# Want to get into making my own beer



## cch0830 (Sep 26, 2011)

Any suggestions? I'm looking for a good place to by a starter kit. What all will I need to get started?


----------



## Jeff1969 (Sep 27, 2011)

My aunt and uncle own a beer making supply store in Lilburn. They have some information on their website that can help you get started. I think they do mail-order too. If you don't want to do mail-order, they may be able to point you in the direction of a local vendor. 

Tell em Jeff sent ya.

http://www.homebrewingsupplies.org/


----------



## jwb72 (Sep 28, 2011)

Bass Pro has a brew-it-yourself kit. Not sure how good it is, but that's one idea. 

http://www.basspro.com/MR--BEER-Premium-Gold-Edition-Beer-Home-Brewing-Kit/product/10209348/59606


----------



## Greaserbilly (Sep 28, 2011)

Don't bother.
Buy a large mash bag (basically a cheesecloth bag), get a large stock pot from Value Village, a recipe using grain, and then get down to a brewing supply place and buy said grain, which they will grind for you.

Put grain in bag, boil according to recipe, the product will be FAR superior than trying to deal with the syrupy glob you get out of a can. Since the grain's in the bag, you can remove and toss the grain without having to strain it.

You'll need a primary fermentor with an airlock (big plastic bucket), a secondary fermentor (a carboy with an airlock), and a tube/siphon to transfer between the two.

Start stocking up on bottles. And buy disinfectant. You need everything involved to be as sterile as you can get. Get the kind the brewing people sell.


----------



## cch0830 (Sep 29, 2011)

I found out Brewmasters Warehouse in Marietta has a Beginner home brewer class. It's a couple hours long and cost $40. Plus they give you %10 off your first purchase. This sounds really fun and beneficial because I know nothing about home brewing.


----------



## Greaserbilly (Sep 29, 2011)

There's really NOTHING to it.
You have to sterilize everything with a solution you buy there
Bring the grains/water to a rolling boil
simmer for whatever length of time the recipe says (you're making a "tea" in essence, and to ensure anything alive in the mix is dead)

Then you wait for it to cool enough the yeast don't die.

Then you add yeast and stick it into a covered bucket with an airlock. Watch it bubble.

After a certain length of time you transfer the stuff off the top into a carboy with a sterilized siphon. Wait another amount of time as specified in the recipe.

Then you add more sugar and bottle.

EXPERT MODE: before you add the yeast, find out the specific gravity by taking a small sample and floating a gauge in it (they sell em)

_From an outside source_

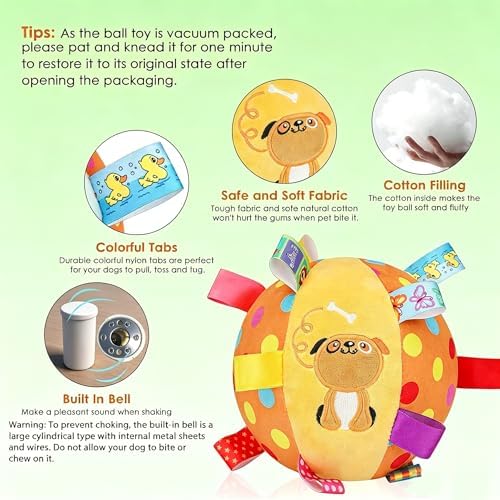 Squeaky Hanging Dog Toy, Colorful Squeaky Hanging Dog Training Toy, Interactive Fetch Play Ball, 6-Inch Soft Ball with Cotton and Built-in Bell for Dogs & Small to Large Dog - Image 2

then before you bottle do it again - the difference will tell you the BAC.


----------



## cch0830 (Sep 29, 2011)

I know once I learn how to do it, it will be easy from what your telling me and from what I've heard. I just learn better by watching and getting hands-on. I just like to get all the small details about whatever I am doing because I am guaranteed to mess something up by using broad or general directions.


----------



## Greaserbilly (Sep 29, 2011)

How difficult is it to boil water?
Can you siphon from one container to another without spilling anything?
Can you use a thermometer?


----------



## cch0830 (Sep 29, 2011)

Alright dude. I get it. You're an expert and I'm an idiot. Thanks for your help.


----------



## Greaserbilly (Sep 29, 2011)

I'm not an expert and you're not an idiot.
For serious, the only difference between a kit and a genuine DIY.

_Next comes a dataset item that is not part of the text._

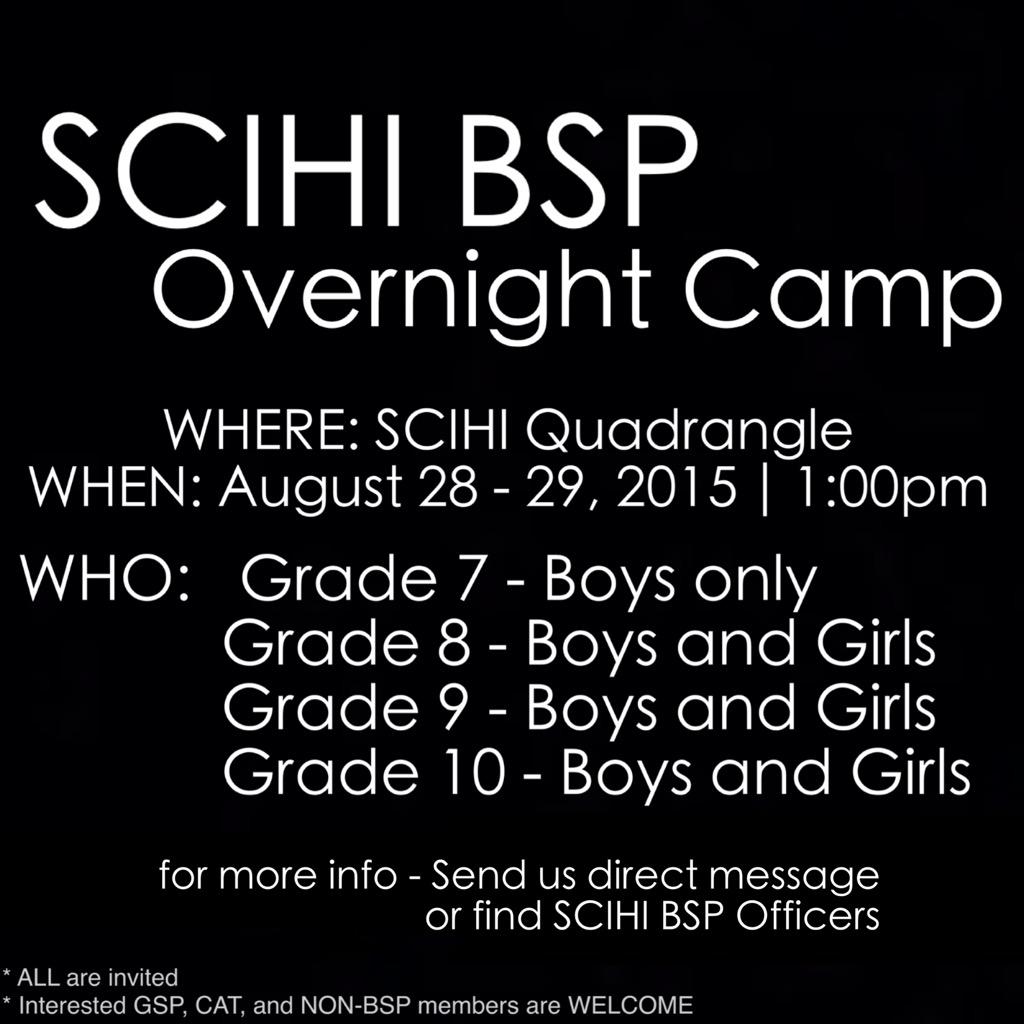 scihisslg's tweet photo. ANNOUNCEMENT!!!! ⛺️ #SCIHIBSP http://t.co/8ghQGae6pw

In the kit, you open a can of sugary syrup and try and melt it into boiling water

with grains, you put the grains in a cheesecloth bag put it in a pot and boil it.

I'm trying to encourage you not insult you - it really is very very easy.


----------



## cch0830 (Sep 29, 2011)

That's why I want to go to the class. Maybe after the class I can just buy what I need, rather than buying a kit. And yes, I think I can boil some water and use a thermometer, but the other details about how long the fermenting process is, what to look for, and things to do and not to do. Also, I'm sure the whole process is not the same for every type of beer. And there are so many different types of ingredients to use and different ways to use them to make different types of beer.


----------



## Greaserbilly (Sep 29, 2011)

cch0830 said:


> That's why I want to go to the class. Maybe after the class I can just buy what I need, rather than buying a kit. And yes, I think I can boil some water and use a thermometer, but the other details about how long the fermenting process is, what to look for, and things to do and not to do. Also, I'm sure the whole process is not the same for every type of beer. And there are so many different types of ingredients to use and different ways to use them to make different types of beer.



Well, of course.
The recipe will tell you how long to ferment it.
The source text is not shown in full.